According to an American Institute of Architects 2014 Equity in Architecture Survey report, nearly half of graduates from American architecture programs are women – yet they make up only 22 percent of licensed architects. The institute says that even though more women are entering the profession, only a small percentage have leadership positions in their firms.

The IAWA is hoping to change those statistics through events and exhibitions that share stories of architects represented in its archives. In 2015, the IAWA celebrated its 30-year anniversary by hosting the 18th Congress of the International Union of Women Architects (UIFA), which drew prominent women from around the world to campus and the IAWA collections.

Last year, the group staged “30×30: Expanding the Legacy,” an exhibition designed by Zellner Bassett showcasing the work of 30 pioneering women in the profession at the National American Institute of Architects headquarters in Washington, D.C., and the University of Maryland’s Kibel Gallery.

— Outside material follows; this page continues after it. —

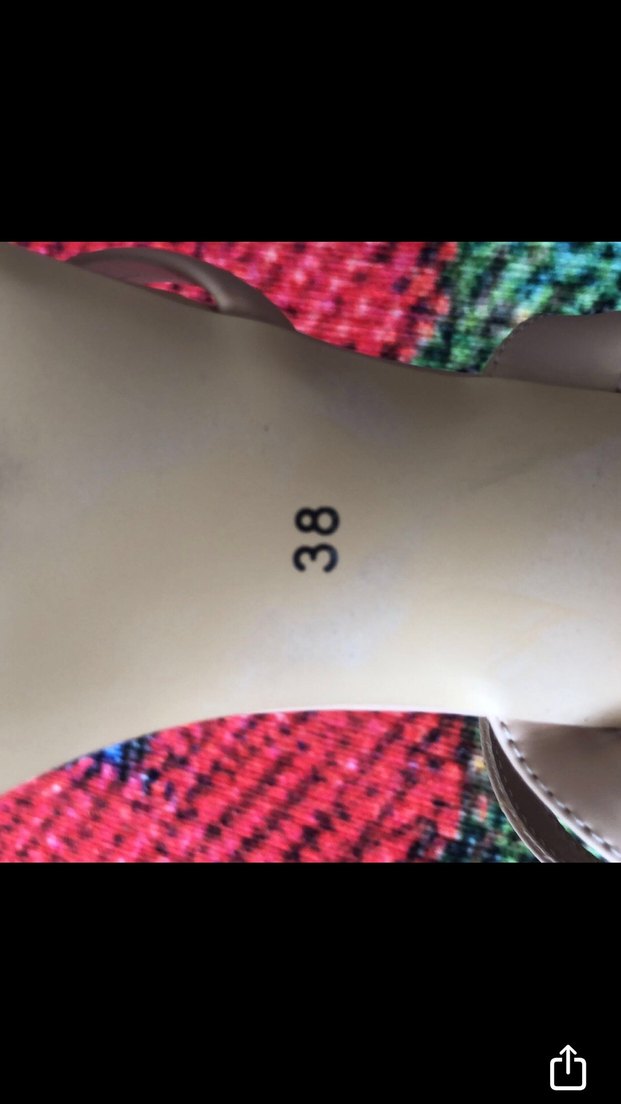 Bej Tokalı Kadın Topuklu Sandalet - Görsel 5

A gathering of the first women leaders of the AIA – AIA presidents and chancellors of the AIA College of Fellows – on the steps of St Patrick’s Cathedral in New York City during the 2018 conference of the AIA. Left to right: Lenore Lucey, Katherine Schwennsen, L. Jane Hastings, Helene Combs Dreiling, Betsey Olenick Dougherty, and Donna Dunay.

In a symposium during Women’s History Month last spring in Blacksburg, the group hosted world-renowned architects, including keynote speaker, Madrid architect, and educator Carmen Espegel, for a symposium that included workshops, tours, and networking. An ongoing competition, the annual IAWA Milka Bliznakov Research Prize, solicits proposals and awards $3,000 to international scholars who conduct research on women found in the archives to publish new insights.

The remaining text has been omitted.